[Brief descriptive captions]

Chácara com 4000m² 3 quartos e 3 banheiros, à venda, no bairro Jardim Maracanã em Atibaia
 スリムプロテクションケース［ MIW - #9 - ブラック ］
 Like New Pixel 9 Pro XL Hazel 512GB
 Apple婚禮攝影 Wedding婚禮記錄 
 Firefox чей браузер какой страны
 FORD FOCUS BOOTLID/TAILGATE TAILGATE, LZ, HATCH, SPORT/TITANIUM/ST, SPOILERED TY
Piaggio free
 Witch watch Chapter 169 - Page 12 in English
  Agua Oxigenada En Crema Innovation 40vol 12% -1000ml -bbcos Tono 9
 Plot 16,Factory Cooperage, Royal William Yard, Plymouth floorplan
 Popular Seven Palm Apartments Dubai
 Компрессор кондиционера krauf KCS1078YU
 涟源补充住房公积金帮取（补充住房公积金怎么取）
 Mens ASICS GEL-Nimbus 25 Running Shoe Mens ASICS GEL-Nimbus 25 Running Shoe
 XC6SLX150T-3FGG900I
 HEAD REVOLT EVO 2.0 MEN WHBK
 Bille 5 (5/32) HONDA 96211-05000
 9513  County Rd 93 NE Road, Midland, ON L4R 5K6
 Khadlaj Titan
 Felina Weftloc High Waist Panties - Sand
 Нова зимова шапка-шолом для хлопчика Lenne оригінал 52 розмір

→ **Task instructions**: Could you output every entry above exactly as it stands?

→ **Answer to the problem**:
Chácara com 4000m² 3 quartos e 3 banheiros, à venda, no bairro Jardim Maracanã em Atibaia
 スリムプロテクションケース［ MIW - #9 - ブラック ］
 Like New Pixel 9 Pro XL Hazel 512GB
 Apple婚禮攝影 Wedding婚禮記錄 
 Firefox чей браузер какой страны
 FORD FOCUS BOOTLID/TAILGATE TAILGATE, LZ, HATCH, SPORT/TITANIUM/ST, SPOILERED TY
Piaggio free
 Witch watch Chapter 169 - Page 12 in English
  Agua Oxigenada En Crema Innovation 40vol 12% -1000ml -bbcos Tono 9
 Plot 16,Factory Cooperage, Royal William Yard, Plymouth floorplan
 Popular Seven Palm Apartments Dubai
 Компрессор кондиционера krauf KCS1078YU
 涟源补充住房公积金帮取（补充住房公积金怎么取）
 Mens ASICS GEL-Nimbus 25 Running Shoe Mens ASICS GEL-Nimbus 25 Running Shoe
 XC6SLX150T-3FGG900I
 HEAD REVOLT EVO 2.0 MEN WHBK
 Bille 5 (5/32) HONDA 96211-05000
 9513  County Rd 93 NE Road, Midland, ON L4R 5K6
 Khadlaj Titan
 Felina Weftloc High Waist Panties - Sand
 Нова зимова шапка-шолом для хлопчика Lenne оригінал 52 розмір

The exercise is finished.